The floor planks are very old, many of them original to the kitchen, and they were left unsanded back when the kitchen was renovated.  I wonder if the family who lived here before us left this board intentionally imperfect, as a way to maintain the old genuine feeling of the kitchen, despite its new cabinets, new appliances, and new windows.  Though we have made few improvements here since we have moved in, I know that there are certainly quirks about this house that I would want to maintain even as we upgraded or changed something about the house, adding something that would allow our modern life to work a bit better in this house built 230 years ago.

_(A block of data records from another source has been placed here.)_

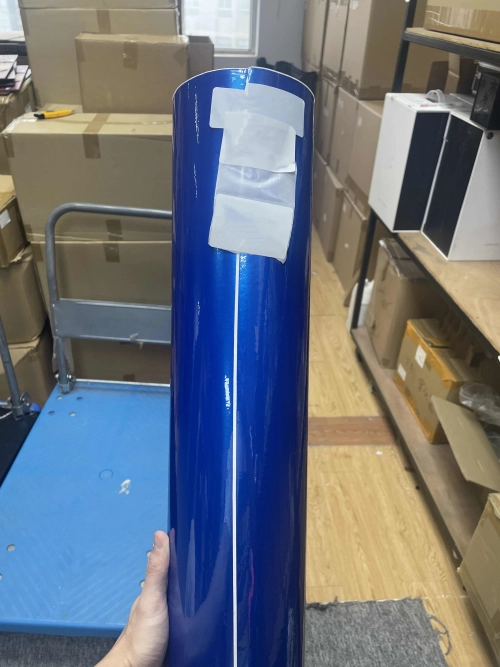 Gloss Metallic Jazz Blue Car Vinyl Wrap PET reviewed by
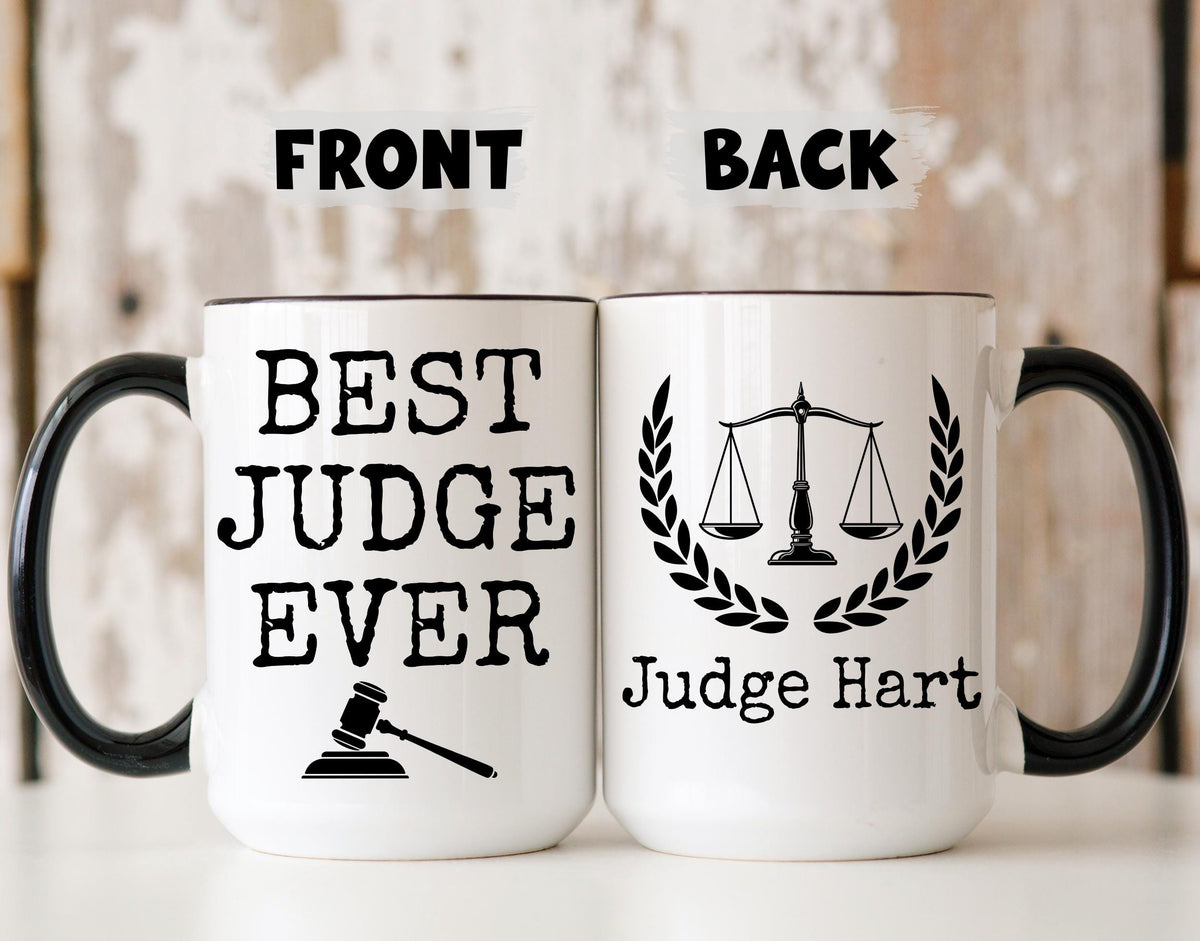 Judge Mug, Personalized Judge Mug, Funny Judge Gift, Judge Birthday Gift, Judge Retirement Mug, Judge Christmas Mug, Funny Judge Promotion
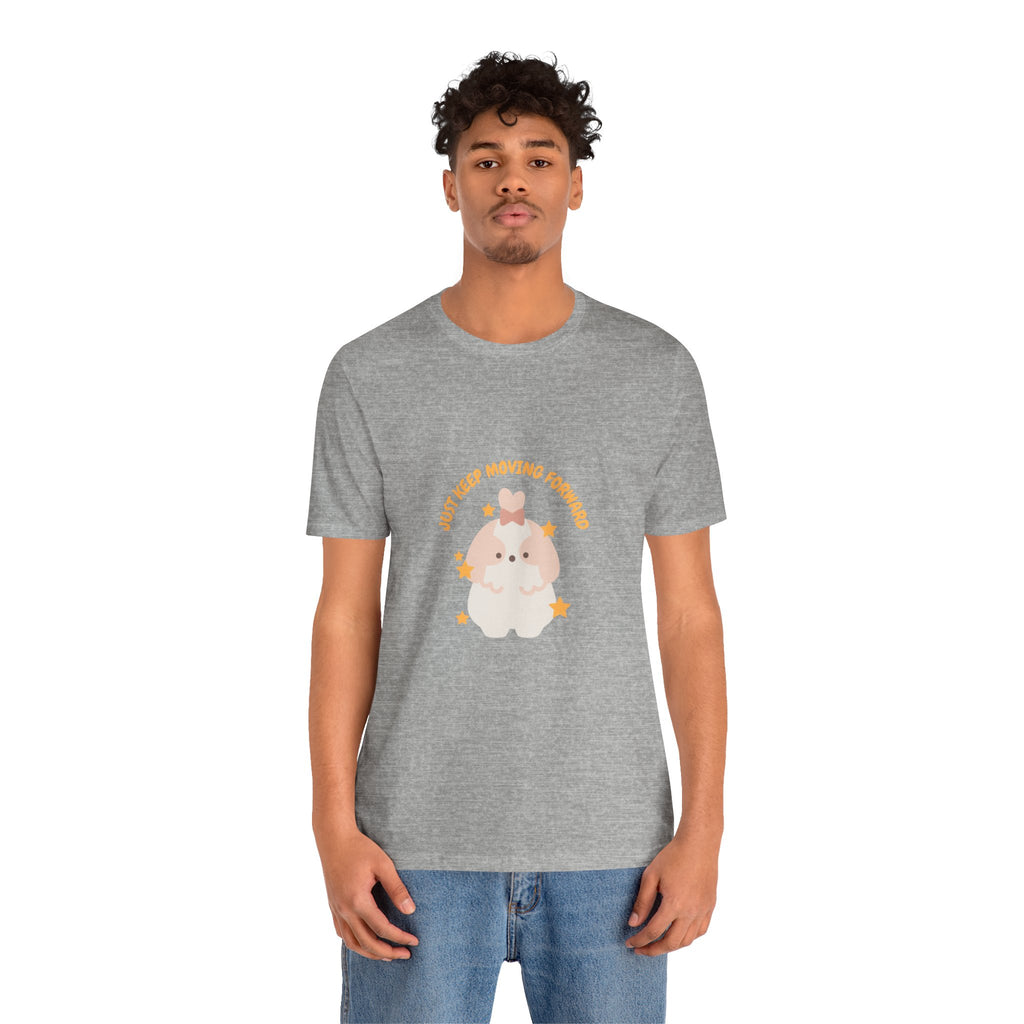Cute Kawaii Bunny Tee — "Just Keep Moving Forward" Graphic T-Shirt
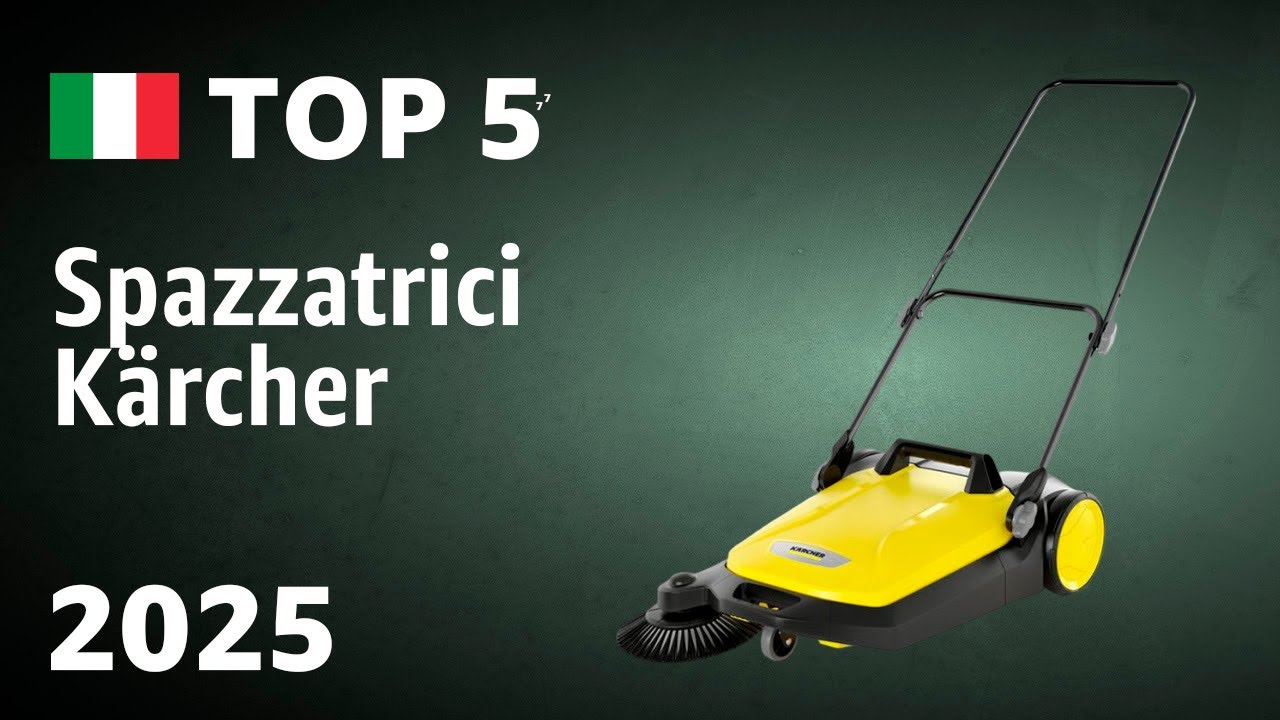 TOP—5. Migliori spazzatrici Kärcher 2025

I was standing on this bouncing spot as friends arrived for a potluck this weekend, holding dishes and giving hugs and greetings, when Elliott found me, and tearfully told me that he felt sick.  And nauseous.  And like he needed to find a quiet place to lie down.  I knew his feeling.  I was feeling a bit overwhelmed as the party began myself.  So many wonderful friends were arriving.  But it was certainly a bit more busy, more noisy, more festive, than our everyday life here.

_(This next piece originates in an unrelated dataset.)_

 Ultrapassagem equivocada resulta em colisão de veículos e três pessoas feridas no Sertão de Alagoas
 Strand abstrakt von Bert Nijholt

And so, despite the arriving guests, I put down the dish I had just been handed, stepped off the familiar spot, felt that precarious bounce.  And walked upstairs with Elliott.  Up the narrow and steep back stairwell that rises out of the kitchen and empties directly into Jonathan and my bedroom.  The kitchen and bedroom are an addition to the original home, a large ell, but even this "new" part is still two hundred years old.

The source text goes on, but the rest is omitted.